Associated with the portable build system is the "portable tests" module. The initial IPS unit test system is partially based on ksh, which is not available natively on Windows. To permit unit testing on all supported platforms, the unit tests driven by ksh will also be converted to python. Also, the portable tests module includes use of the pylint tool to provide a check as to whether non-portable APIs are being used within the IPS code.
The software for all of the modules described so far reside within the source base for IPS itself.
In order to run the IPS commands, a Python run-time environment is required. On OpenSolaris-based distributions, an appropriate version of Python will always be available. However, on older Solaris versions, such as Solaris 9, or on some versions of Windows or Mac OS, Python may not be there at all, or the version of Python that is there may be too old. See reference #3. Therefore, this feature must provide for getting a version Python on the system. A complete Python distribution is about 35MB and includes much software that is not needed in order to run the IPS commands. To minimize the download and install overhead associated with obtaining Python for IPS use, this design provides for a minimized Python distribution that only includes the files that are actually needed by IPS and the tools that are part of Update Center. See section 4.4 for details on the minimized Python. This minimized Python is packaged in IPS package form so that it can be updated using the IPS tools if necessary. However, the initial download for the minimized Python will be provided by the "IPS bootstrap" module.

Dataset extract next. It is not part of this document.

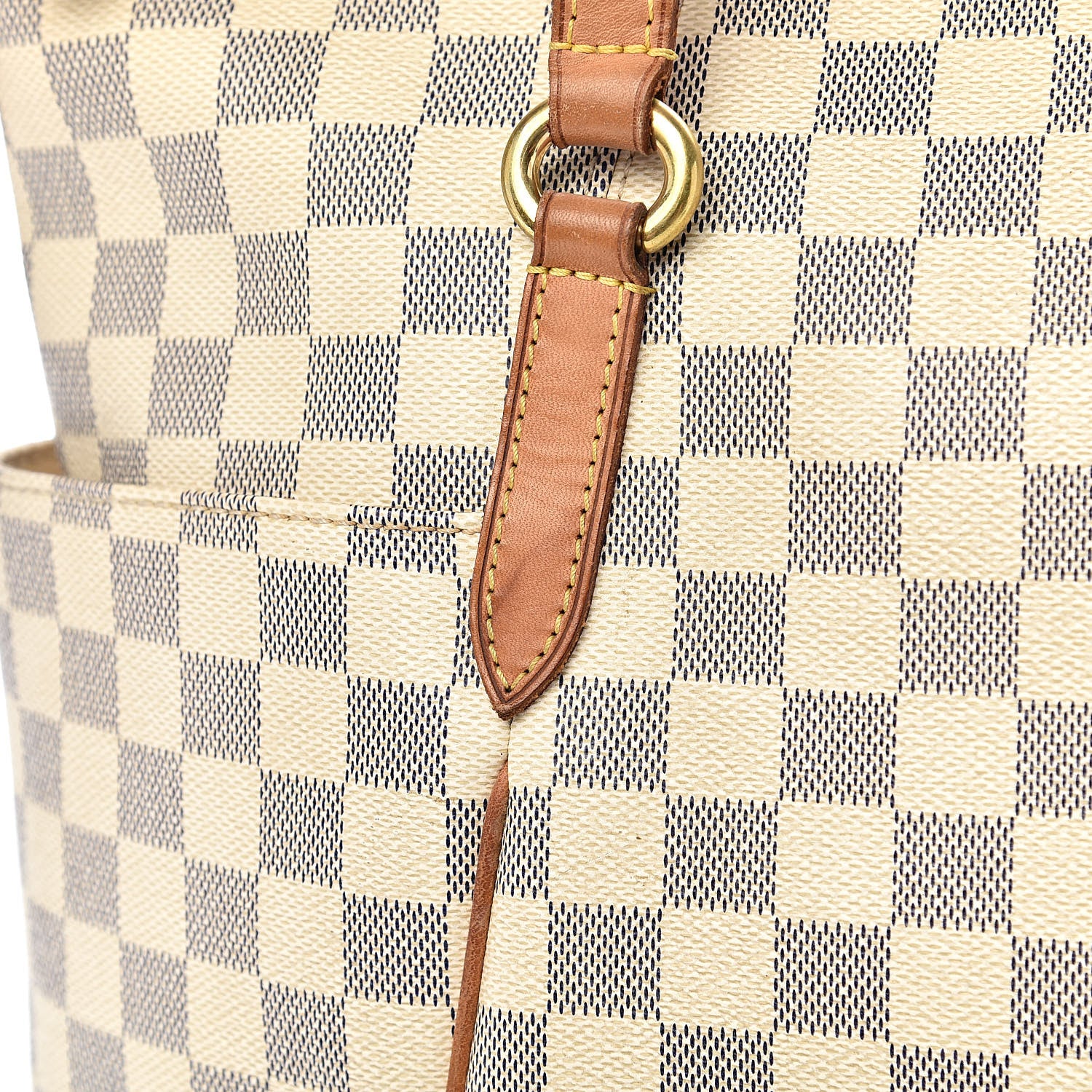 Louis Vuitton Damier Azur Totally MM 12 of 15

The IPS software itself is also packaged into IPS package form so that it too can be updated by the IPS tools.
Generally, there are two ways to get the IPS software and Python onto a target system that doesn't already have it. The Update Center user documentation contains a flowchart that shows how these images can be assembled.

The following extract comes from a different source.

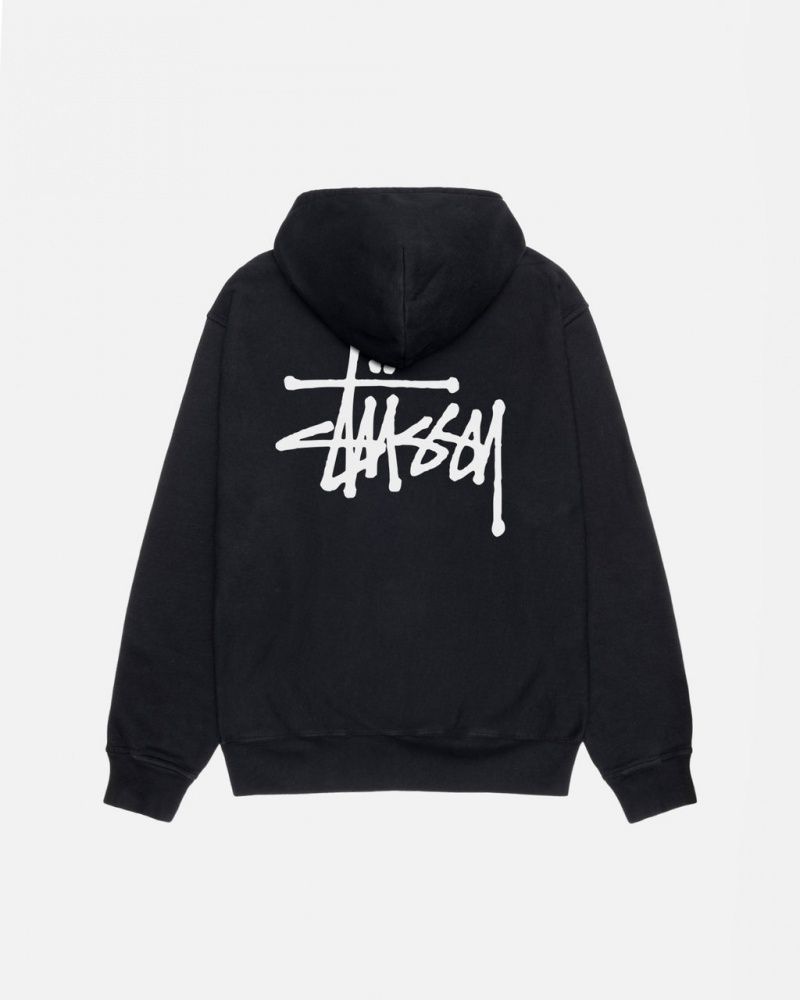 Stussy Basic Stussy Hoodie Pigment Dyed - Unisex Hoodies Negros | DMXKV82330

Platform Specific Install Image
With a platform specific install image, preinstalled versions of the IPS software and the minimized Python are included in the image that is initially downloaded by the user. In this case, there isn't any need for the "IPS bootstrap" module. However, a different install image for each platform must be made available to the user for the initial download.
Universal Install Image
With a universal install image, the initial download image only includes the software that is portable. The installer provides a hook to the "IPS bootstrap" module which then downloads and installs the platform-specific parts of the minimized Python (using special bootstrap code, see section 4.5 for details) and then IPS itself is used to download and install the platform-specific or other remaining parts of the Update Center tools. This type of image is planned for Glassfish V3. The figure below shows a diagram of this process.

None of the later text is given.